One staff member queried Ehikian about the identity of the DOGE team at GSA. “There is no DOGE team at GSA,” Ehikian responded, according to two employees who were present. Many employees, who claim to have seen DOGE staff at GSA, were skeptical. “Like we didn’t notice a group of young individuals working behind a secure area on the 6th floor,” one employee remarked to WIRED. Luke Farritor, a young former intern from SpaceX who has been with DOGE since its inception, was spotted wearing sunglasses indoors at the GSA office recently, as was Ethan Shaotran, another young DOGE worker who recently held the presidency of the Harvard mountaineering club. A GSA employee characterized Shaotran as “smiling in a blazer and t-shirt.”
GSA did not immediately reply to a request for commentary sent by WIRED.
During the meeting, Ehikian presented a slide outlining GSA’s objectives—right-sizing, streamlining operations, deregulation, and IT innovation—along with current cost savings. “Overall costs avoided” were reported at $1.84 billion. The number of employees utilizing generative AI tools created by GSA was cited as 1,383. The hours saved through automation were stated to be 178,352. Ehikian also highlighted that the agency has canceled or reduced 35,354 credit cards used by government employees and terminated 683 leases. (WIRED cannot verify any of these figures. DOGE has previously been known to circulate misleading and erroneous statistics regarding its cost-saving initiatives.)
“Any efficiency assessment requires a denominator,” a GSA employee noted in the chat. “Cuts may lower expenses, but they can also diminish the value delivered to the public. How does that get reflected in the scorecard?”

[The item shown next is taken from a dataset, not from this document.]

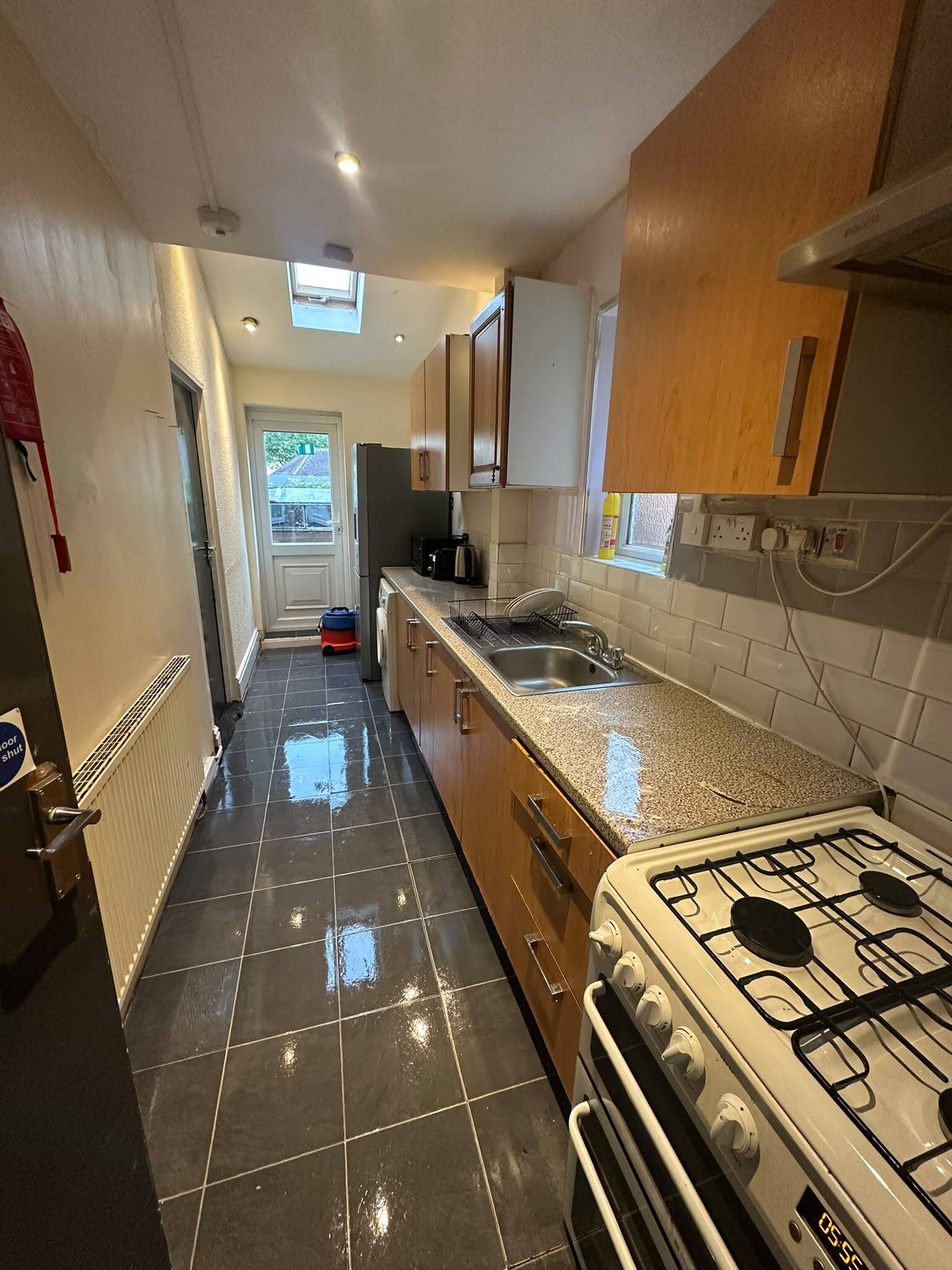 20 Allerton Road, Yardley, Birmingham photo 5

In a slide labeled “The Road Ahead,” Ehikian outlined his vision for the future. “Optimize federal real estate portfolio,” mentioned one objective. “Centralize procurement,” stated another. Subcategories included “reduce compliance burden to increase competition,” “centralize our data for accessibility across teams,” and “Optimize GSA’s cloud and software expenditures.”
Online, employees appeared skeptical. “So, will Stephen refrain from working on any federal contracts following his term as GSA administrator, particularly concerning AI and IT software?” posed one employee in the chat. There was no response.